- **Task brief**:
The data below contains pictures, which are to be skipped; the lines starting at the line with "2022 Mercedes-Benz Sprinter" and ending at the line with "2019 Hyundai Verna" are to be output exactly, both ends included.

- **Provided data**:
.....
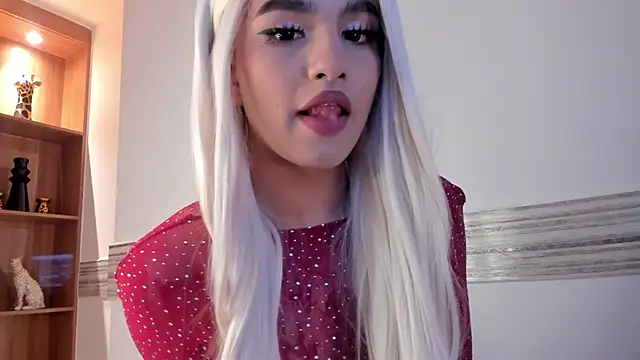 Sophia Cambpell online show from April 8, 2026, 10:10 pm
.....
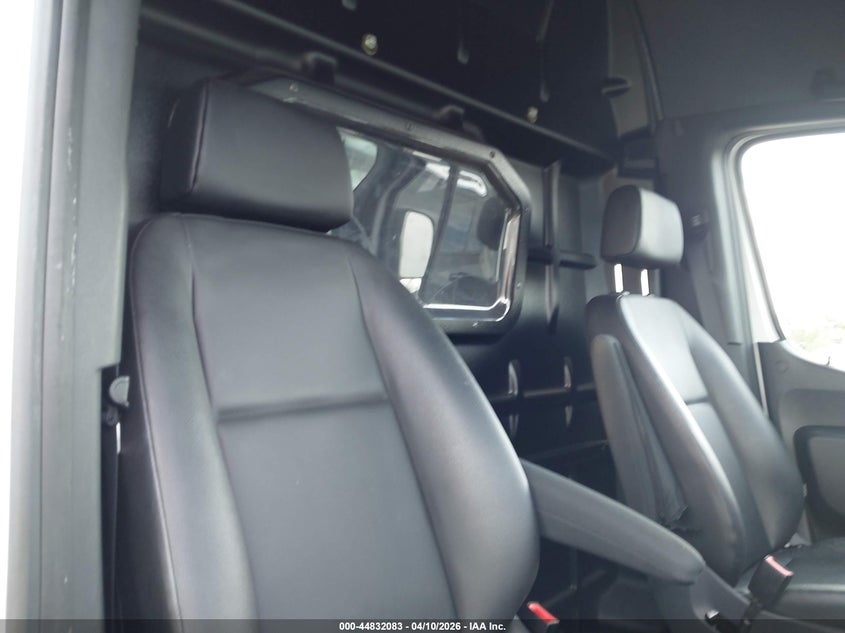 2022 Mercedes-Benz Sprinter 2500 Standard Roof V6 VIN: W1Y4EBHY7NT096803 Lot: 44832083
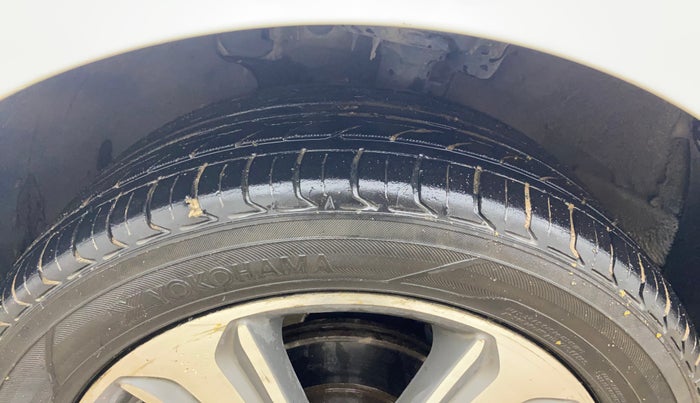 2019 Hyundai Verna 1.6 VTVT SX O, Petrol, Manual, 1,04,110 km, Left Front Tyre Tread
.....
- **Solution to this task**:
 2022 Mercedes-Benz Sprinter 2500 Standard Roof V6 VIN: W1Y4EBHY7NT096803 Lot: 44832083
 2019 Hyundai Verna 1.6 VTVT SX O, Petrol, Manual, 1,04,110 km, Left Front Tyre Tread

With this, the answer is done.